RECORDS FOR THIS EXERCISE:
*-*-*

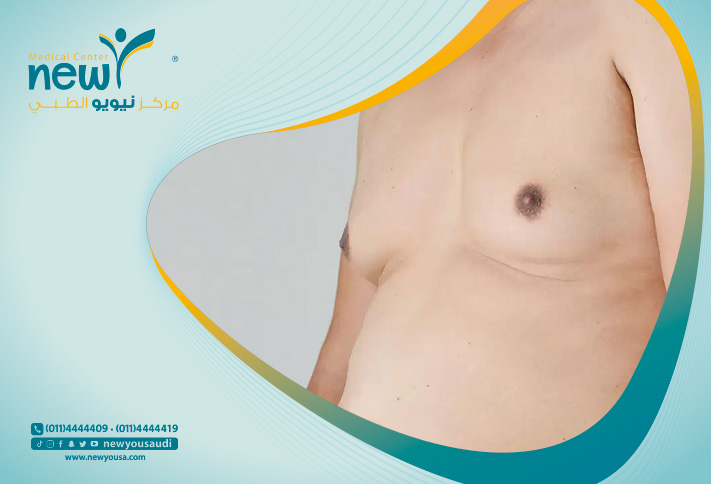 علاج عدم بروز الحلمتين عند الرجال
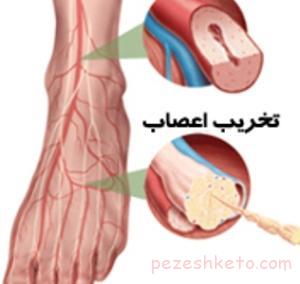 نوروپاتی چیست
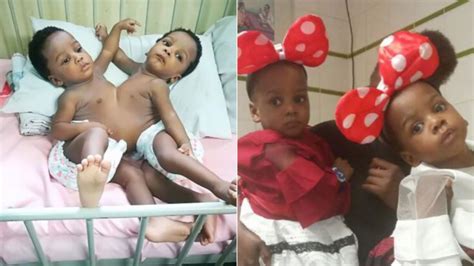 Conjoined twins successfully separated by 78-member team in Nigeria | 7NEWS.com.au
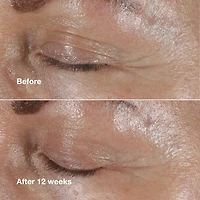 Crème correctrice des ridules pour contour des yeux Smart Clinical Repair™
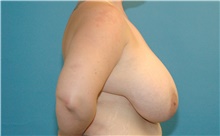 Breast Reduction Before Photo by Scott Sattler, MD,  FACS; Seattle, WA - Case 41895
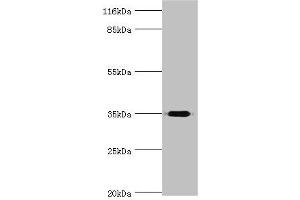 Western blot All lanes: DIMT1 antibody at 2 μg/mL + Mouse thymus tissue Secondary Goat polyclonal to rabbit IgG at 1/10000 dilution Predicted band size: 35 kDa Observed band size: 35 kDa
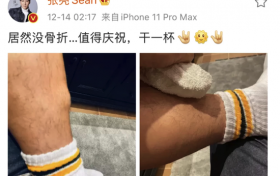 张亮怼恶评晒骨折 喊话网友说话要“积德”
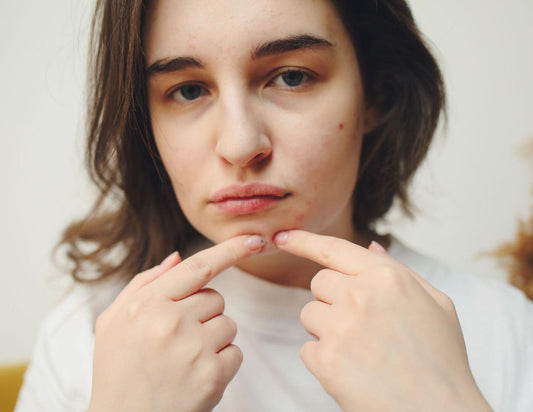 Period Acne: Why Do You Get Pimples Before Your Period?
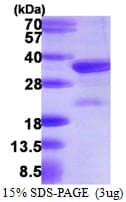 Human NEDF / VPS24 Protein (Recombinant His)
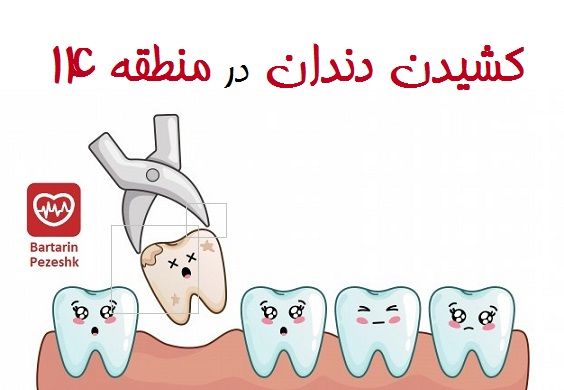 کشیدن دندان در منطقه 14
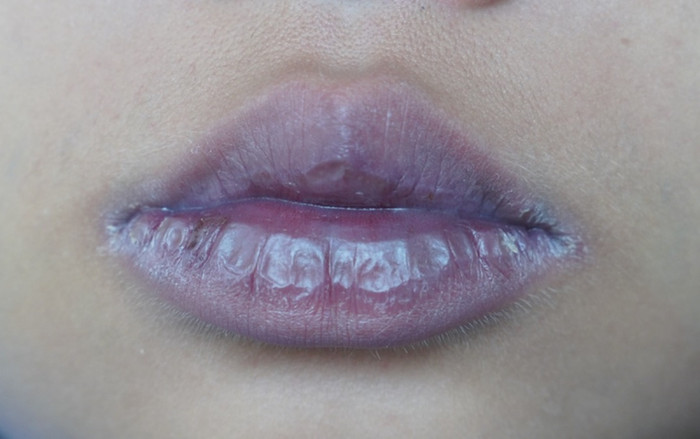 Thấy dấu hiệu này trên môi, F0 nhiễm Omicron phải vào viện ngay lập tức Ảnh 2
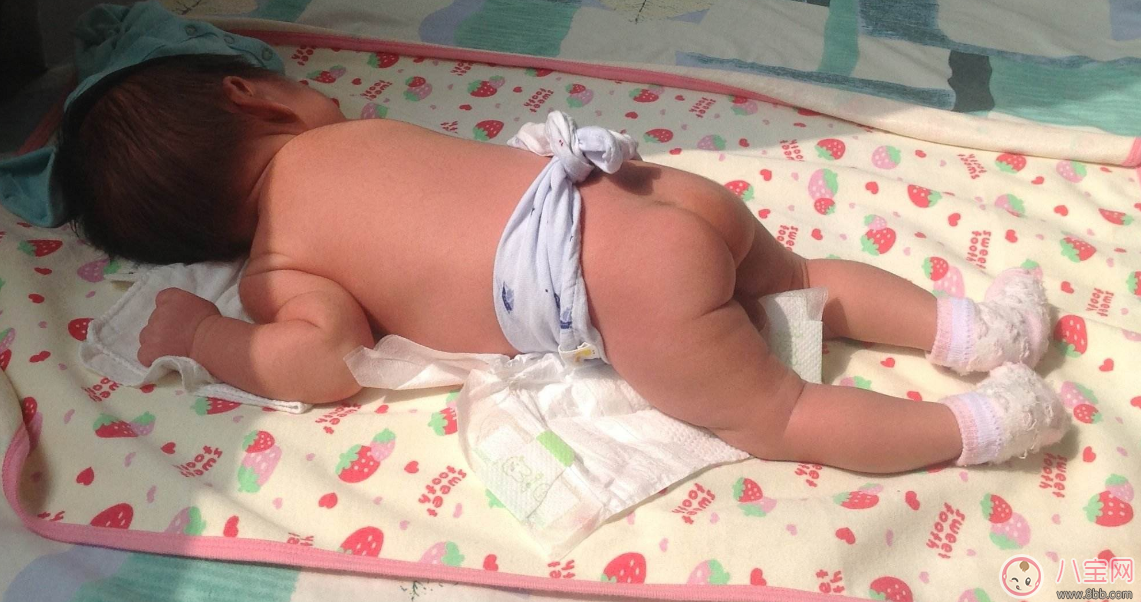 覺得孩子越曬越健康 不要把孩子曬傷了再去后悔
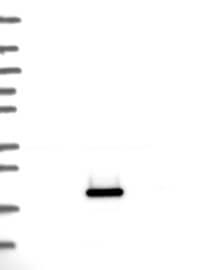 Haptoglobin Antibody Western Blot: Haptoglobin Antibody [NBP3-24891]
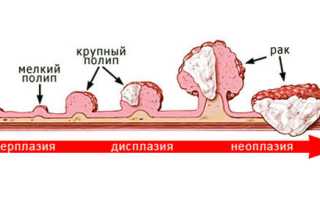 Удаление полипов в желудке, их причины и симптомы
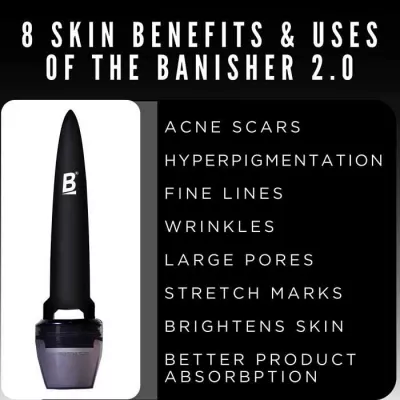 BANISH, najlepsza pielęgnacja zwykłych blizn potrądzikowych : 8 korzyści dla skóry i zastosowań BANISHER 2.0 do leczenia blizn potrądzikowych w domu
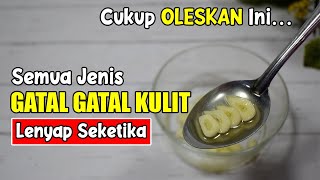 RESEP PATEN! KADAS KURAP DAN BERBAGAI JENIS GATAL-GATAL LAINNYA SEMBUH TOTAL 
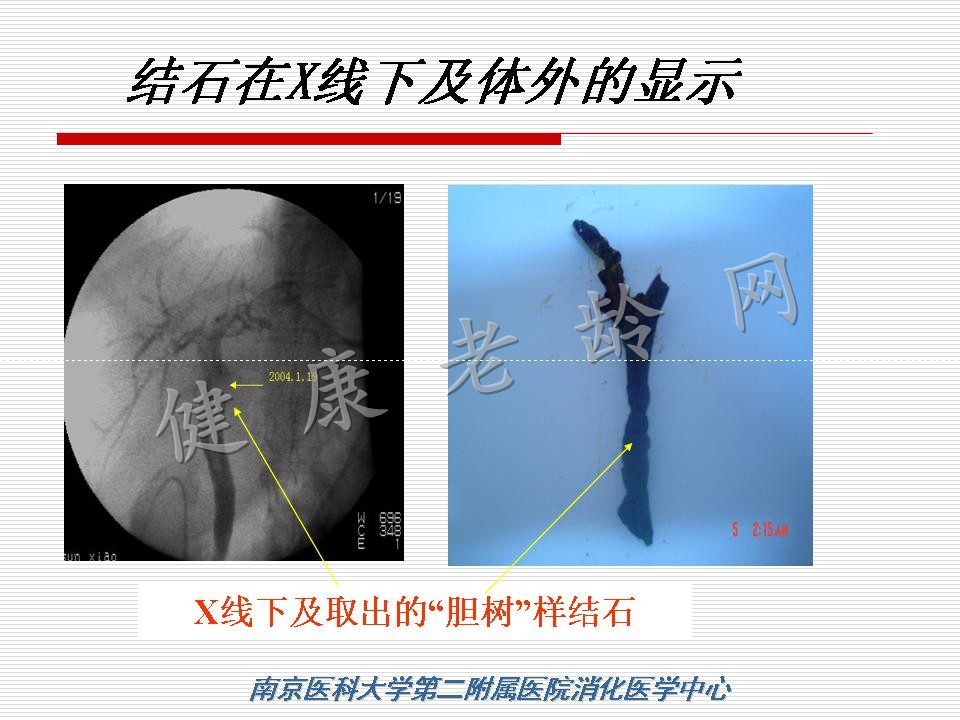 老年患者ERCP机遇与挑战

*-*-*

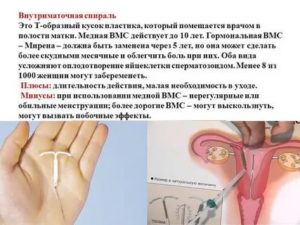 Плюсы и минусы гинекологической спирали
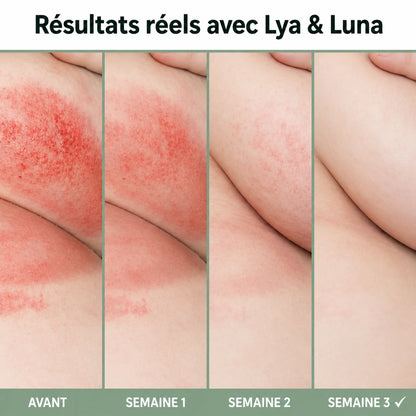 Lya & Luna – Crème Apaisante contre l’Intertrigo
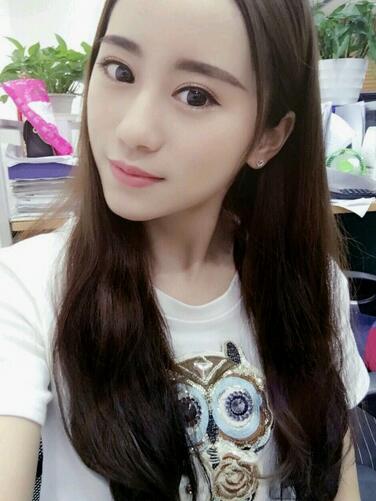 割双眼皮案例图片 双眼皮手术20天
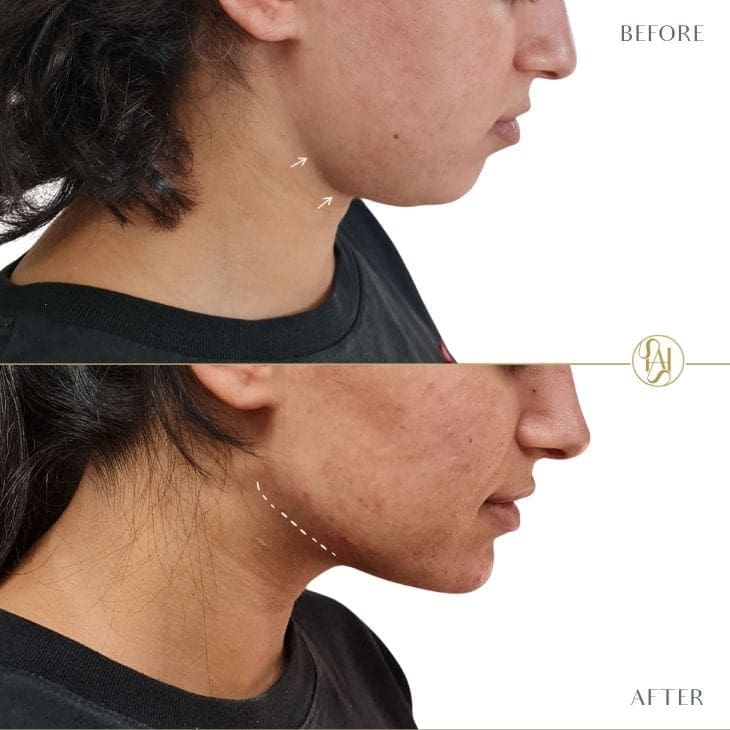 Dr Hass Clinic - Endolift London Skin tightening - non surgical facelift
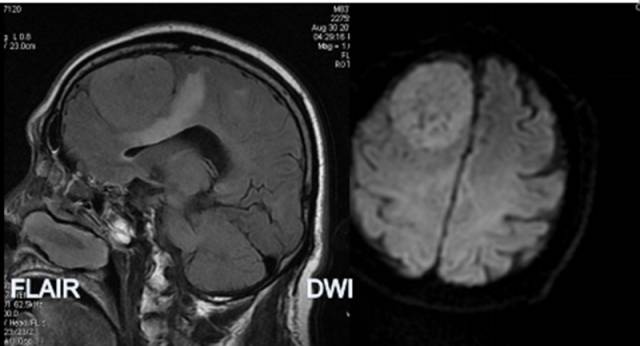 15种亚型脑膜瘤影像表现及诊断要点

*-*-*

WHAT IS EXPECTED:
Give back, exactly and without pictures, the stretch of the records above from the line containing "علاج عدم بروز الحلمتين عند الرجال" through the line containing "老年患者ERCP机遇与挑战", with both end lines included.

SOLUTION:
 علاج عدم بروز الحلمتين عند الرجال
 نوروپاتی چیست
 Conjoined twins successfully separated by 78-member team in Nigeria | 7NEWS.com.au
 Crème correctrice des ridules pour contour des yeux Smart Clinical Repair™
 Breast Reduction Before Photo by Scott Sattler, MD,  FACS; Seattle, WA - Case 41895
 Western blot All lanes: DIMT1 antibody at 2 μg/mL + Mouse thymus tissue Secondary Goat polyclonal to rabbit IgG at 1/10000 dilution Predicted band size: 35 kDa Observed band size: 35 kDa
 张亮怼恶评晒骨折 喊话网友说话要“积德”
 Period Acne: Why Do You Get Pimples Before Your Period?
 Human NEDF / VPS24 Protein (Recombinant His)
 کشیدن دندان در منطقه 14
 Thấy dấu hiệu này trên môi, F0 nhiễm Omicron phải vào viện ngay lập tức Ảnh 2
 覺得孩子越曬越健康 不要把孩子曬傷了再去后悔
 Haptoglobin Antibody Western Blot: Haptoglobin Antibody [NBP3-24891]
 Удаление полипов в желудке, их причины и симптомы
 BANISH, najlepsza pielęgnacja zwykłych blizn potrądzikowych : 8 korzyści dla skóry i zastosowań BANISHER 2.0 do leczenia blizn potrądzikowych w domu
 RESEP PATEN! KADAS KURAP DAN BERBAGAI JENIS GATAL-GATAL LAINNYA SEMBUH TOTAL 
 老年患者ERCP机遇与挑战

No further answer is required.